A proposito delle riflessioni contenute nell’Instrumentum laboris (nn. 24 e 41) sulla Parola di Dio nella vita del credente, considero interessante far riferimento alla vita dei santi. In essi l’incontro con la Parola di Dio attraverso la lettura della Sacra Scrittura non ha costituito soltanto una luce intellettuale, ma ha prodotto anche un cambiamento radicale nell’esistenza. Come non ricordare che un passo della Lettera ai Romani (13,13-14) fu determinante nel percorso di conversione di Sant’Agostino, come egli stesso racconta nel celebre episodio del “Tolle, lege”?[1]. Penso che in quanto pastori siamo chiamati, quotidianamente e in prima persona, a mettere in pratica la Bibbia, e in particolare il Vangelo. Dobbiamo cercare di avere tutti — noi, i nostri sacerdoti e i laici — una profonda sete di Gesù Cristo, vivendo ogni scena del Vangelo come un personaggio tra gli altri.

È quanto contempliamo in molti di coloro che ascoltavano Gesù. Per esempio, nel discorso eucaristico di Cafarnao, è il suo stesso contenuto noetico a interpellare vitalmente. Mentre molti si scandalizzano e si allontanano da Cristo, Pietro confessa: “Tu hai parole di vita eterna” ( Gv 6,68). Analogamente, il fatto che la Parola di Dio non sia soltanto rivolta all’intelletto ma anche al cuore appare chiaro nella scena di Emmaus: “Non ci ardeva forse il cuore nel petto mentre conversava con noi lungo il cammino, quando ci spiegava le Scritture?” ( Lc 24,32).

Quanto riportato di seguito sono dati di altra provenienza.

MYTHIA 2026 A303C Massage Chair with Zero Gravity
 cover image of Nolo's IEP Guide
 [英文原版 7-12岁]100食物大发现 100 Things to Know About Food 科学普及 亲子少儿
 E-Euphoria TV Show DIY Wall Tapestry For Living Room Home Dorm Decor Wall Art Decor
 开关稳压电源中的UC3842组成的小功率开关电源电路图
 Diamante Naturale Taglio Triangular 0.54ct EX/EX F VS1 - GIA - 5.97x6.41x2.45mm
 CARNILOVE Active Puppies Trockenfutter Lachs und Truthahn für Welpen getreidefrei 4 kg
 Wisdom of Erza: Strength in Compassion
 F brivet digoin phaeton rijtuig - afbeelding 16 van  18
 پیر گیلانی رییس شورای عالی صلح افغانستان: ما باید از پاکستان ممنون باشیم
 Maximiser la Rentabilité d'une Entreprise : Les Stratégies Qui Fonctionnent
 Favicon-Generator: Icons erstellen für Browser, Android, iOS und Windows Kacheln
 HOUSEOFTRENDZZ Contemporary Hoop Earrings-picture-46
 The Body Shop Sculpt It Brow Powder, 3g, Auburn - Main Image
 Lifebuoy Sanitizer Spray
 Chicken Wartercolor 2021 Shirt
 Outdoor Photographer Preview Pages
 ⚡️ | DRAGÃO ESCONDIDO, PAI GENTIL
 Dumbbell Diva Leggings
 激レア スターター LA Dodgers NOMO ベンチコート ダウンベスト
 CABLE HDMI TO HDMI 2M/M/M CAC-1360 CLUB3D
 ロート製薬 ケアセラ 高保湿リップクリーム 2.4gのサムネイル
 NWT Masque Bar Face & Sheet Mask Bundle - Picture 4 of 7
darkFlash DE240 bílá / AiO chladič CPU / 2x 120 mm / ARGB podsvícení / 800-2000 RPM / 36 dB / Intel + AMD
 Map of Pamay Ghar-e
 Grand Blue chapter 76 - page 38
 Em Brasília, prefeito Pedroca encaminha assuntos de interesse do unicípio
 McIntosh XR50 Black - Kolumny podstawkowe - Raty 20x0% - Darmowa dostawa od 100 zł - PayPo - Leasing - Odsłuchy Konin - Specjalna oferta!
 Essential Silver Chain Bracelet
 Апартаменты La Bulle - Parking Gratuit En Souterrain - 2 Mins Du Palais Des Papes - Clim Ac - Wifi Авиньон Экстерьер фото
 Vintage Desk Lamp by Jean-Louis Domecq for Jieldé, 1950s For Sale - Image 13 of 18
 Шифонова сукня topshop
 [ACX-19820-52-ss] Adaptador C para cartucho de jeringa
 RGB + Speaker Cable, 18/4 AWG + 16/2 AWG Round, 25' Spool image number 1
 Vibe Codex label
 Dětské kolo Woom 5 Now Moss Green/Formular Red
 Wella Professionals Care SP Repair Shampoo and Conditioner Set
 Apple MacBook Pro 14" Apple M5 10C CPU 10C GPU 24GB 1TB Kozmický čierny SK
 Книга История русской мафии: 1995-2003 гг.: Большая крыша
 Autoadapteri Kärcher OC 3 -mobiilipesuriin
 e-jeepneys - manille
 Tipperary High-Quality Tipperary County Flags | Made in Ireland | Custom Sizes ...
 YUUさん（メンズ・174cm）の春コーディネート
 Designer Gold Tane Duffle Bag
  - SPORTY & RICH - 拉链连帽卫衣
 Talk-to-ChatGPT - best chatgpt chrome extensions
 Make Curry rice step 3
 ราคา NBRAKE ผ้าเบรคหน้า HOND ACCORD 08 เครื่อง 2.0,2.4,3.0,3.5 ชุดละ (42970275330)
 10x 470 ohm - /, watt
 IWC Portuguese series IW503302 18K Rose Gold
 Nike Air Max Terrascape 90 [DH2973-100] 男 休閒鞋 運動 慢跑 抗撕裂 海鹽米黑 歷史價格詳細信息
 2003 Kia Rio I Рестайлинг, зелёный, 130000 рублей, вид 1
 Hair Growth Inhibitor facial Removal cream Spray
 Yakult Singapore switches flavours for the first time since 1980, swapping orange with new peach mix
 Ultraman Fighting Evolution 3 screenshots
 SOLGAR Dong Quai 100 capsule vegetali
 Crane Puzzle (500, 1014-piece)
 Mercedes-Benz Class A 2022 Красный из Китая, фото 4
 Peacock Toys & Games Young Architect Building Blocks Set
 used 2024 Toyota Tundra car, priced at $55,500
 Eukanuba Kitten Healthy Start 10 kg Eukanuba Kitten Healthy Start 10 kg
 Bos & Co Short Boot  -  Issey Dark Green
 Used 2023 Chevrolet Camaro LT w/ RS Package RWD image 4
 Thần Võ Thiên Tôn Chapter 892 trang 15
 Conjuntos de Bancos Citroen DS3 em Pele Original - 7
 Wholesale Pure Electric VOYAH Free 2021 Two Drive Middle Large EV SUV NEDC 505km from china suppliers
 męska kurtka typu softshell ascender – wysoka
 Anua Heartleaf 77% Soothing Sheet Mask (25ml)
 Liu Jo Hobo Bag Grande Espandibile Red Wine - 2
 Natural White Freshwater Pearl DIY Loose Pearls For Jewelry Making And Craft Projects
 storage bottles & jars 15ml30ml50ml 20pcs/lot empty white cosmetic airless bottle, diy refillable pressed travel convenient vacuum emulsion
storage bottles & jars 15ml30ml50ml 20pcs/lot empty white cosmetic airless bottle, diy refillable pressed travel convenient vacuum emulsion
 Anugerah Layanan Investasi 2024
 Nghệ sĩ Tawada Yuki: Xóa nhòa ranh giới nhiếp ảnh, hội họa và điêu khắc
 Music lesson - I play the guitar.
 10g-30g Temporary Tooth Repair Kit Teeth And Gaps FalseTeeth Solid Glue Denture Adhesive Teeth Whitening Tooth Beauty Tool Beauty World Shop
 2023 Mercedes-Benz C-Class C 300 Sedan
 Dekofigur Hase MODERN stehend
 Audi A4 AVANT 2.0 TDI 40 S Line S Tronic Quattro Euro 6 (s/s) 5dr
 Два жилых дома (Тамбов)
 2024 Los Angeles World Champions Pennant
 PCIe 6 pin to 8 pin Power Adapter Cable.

La Bibbia richiede all’interlocutore credente una risposta: la “risposta dell’orazione”, come ricorda la Costituzione conciliare Dei Verbum (n. 25). Chi ascolta la Parola di Dio in un contesto di orazione — sia comunitaria, che culmina nella celebrazione liturgica, sia personale, nell’intimità del cuore — non apprende solo alcuni contenuti, venendo a conoscere i grandi eventi e figure della storia della salvezza, ma cerca anche di assimilare tali insegnamenti e avvenimenti, applicandoli alla propria vita, per essere capace di trasmetterli ad altri. Ritengo perciò molto opportuno che noi pastori, nel sacramento della Confessione, impariamo a raccomandare spesso ai fedeli la lettura del Vangelo, insegnando a partecipare a quanto lì ci viene narrato e invitando i penitenti a offrire anch’essi questo stesso consiglio ai colleghi, ai famigliari, agli amici.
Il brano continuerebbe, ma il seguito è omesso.